● **Work instruction**
Starting at the line below that contains "itto...(イット)の「" and ending at the line that contains "Marantz Récepteurs: Marantz", retype each line exactly as it stands, but omit the pictures.

● **Given data**
|---|

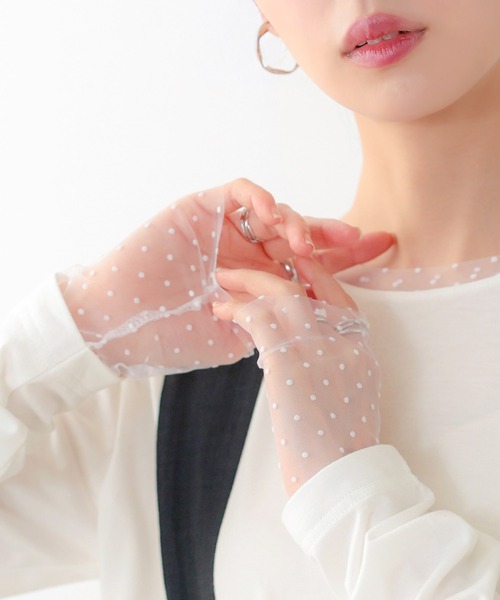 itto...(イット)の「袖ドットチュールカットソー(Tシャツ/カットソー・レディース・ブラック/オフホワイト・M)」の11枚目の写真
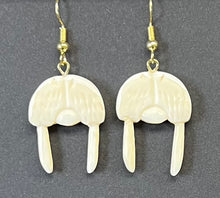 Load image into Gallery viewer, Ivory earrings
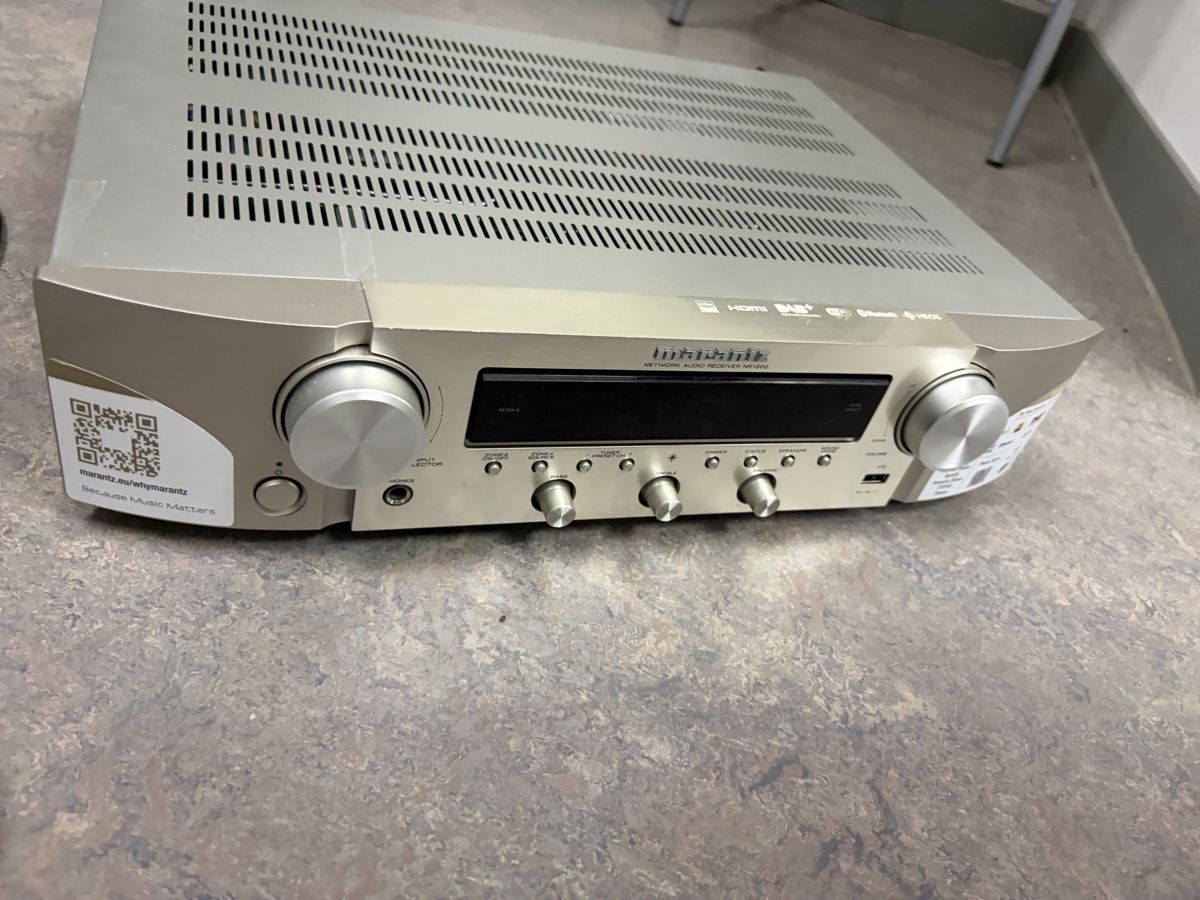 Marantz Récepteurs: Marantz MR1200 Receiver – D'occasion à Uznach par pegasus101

|---|

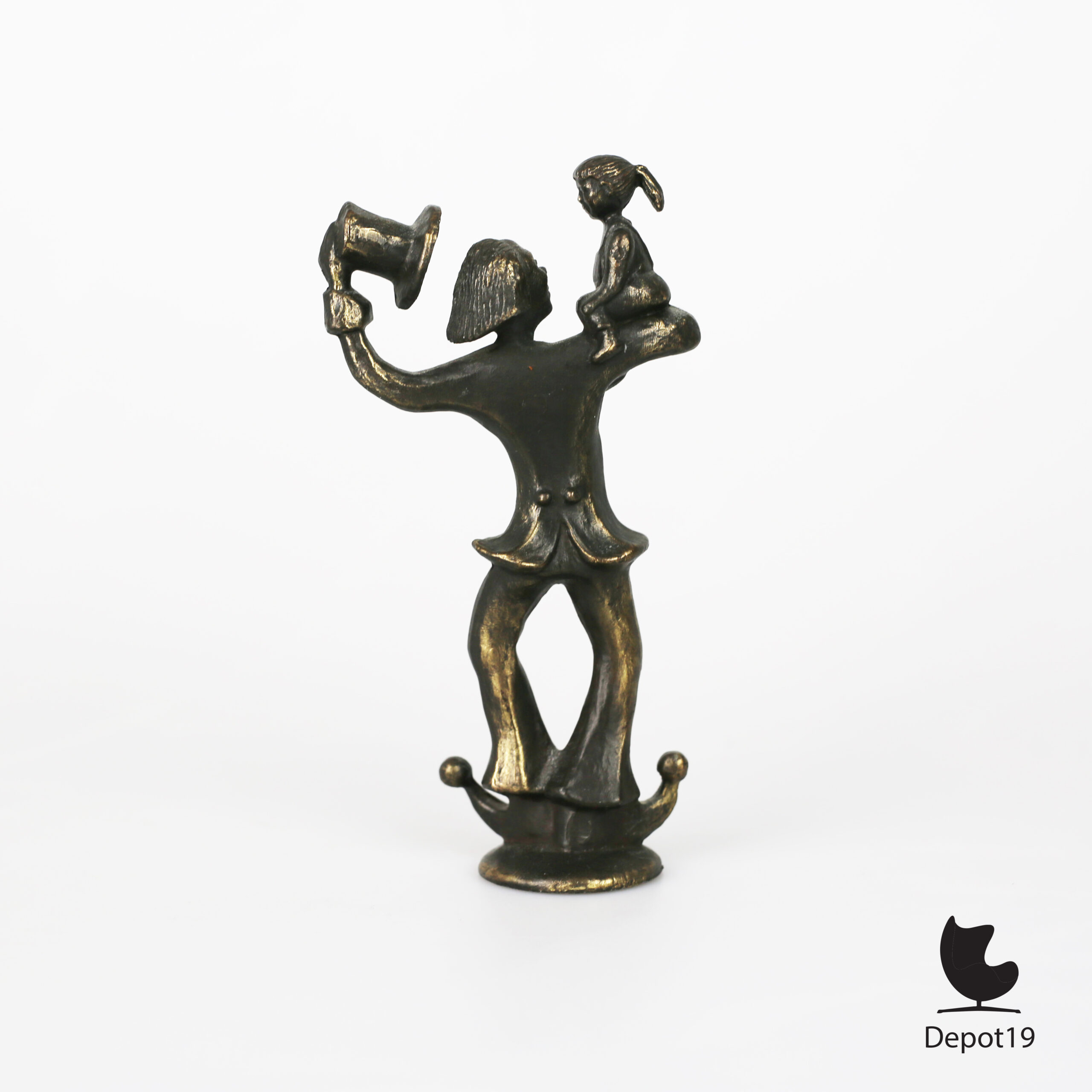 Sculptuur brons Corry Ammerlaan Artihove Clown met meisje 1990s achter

|---|

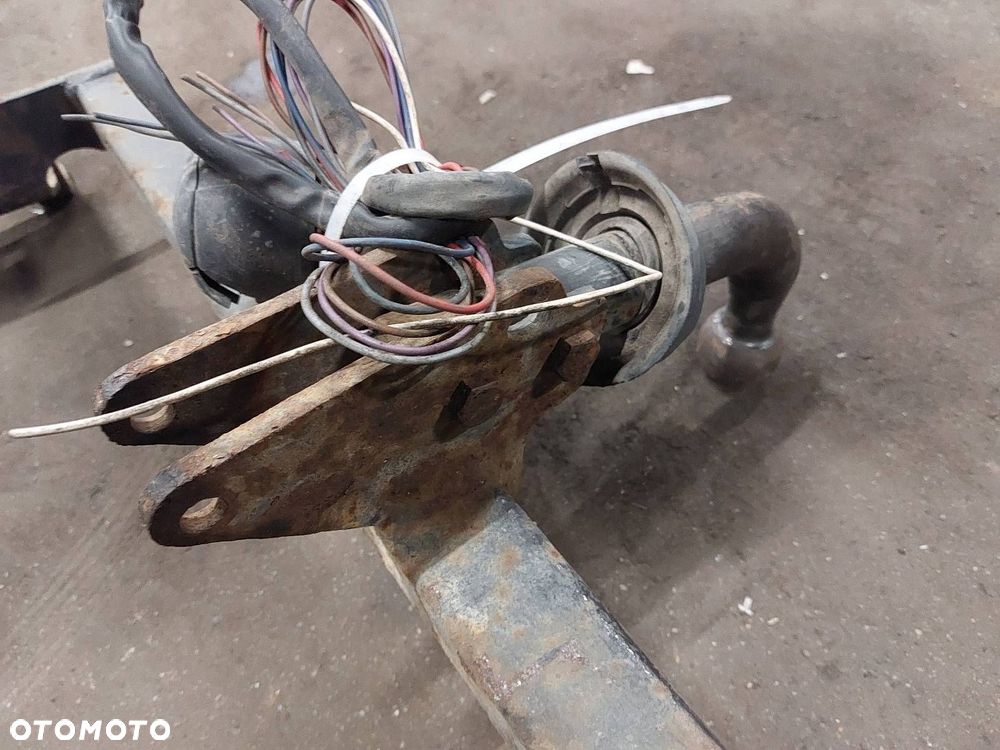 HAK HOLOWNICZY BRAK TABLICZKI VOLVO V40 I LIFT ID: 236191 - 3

|---|

● **Task output**
 itto...(イット)の「袖ドットチュールカットソー(Tシャツ/カットソー・レディース・ブラック/オフホワイト・M)」の11枚目の写真
 Load image into Gallery viewer, Ivory earrings
 Marantz Récepteurs: Marantz MR1200 Receiver – D'occasion à Uznach par pegasus101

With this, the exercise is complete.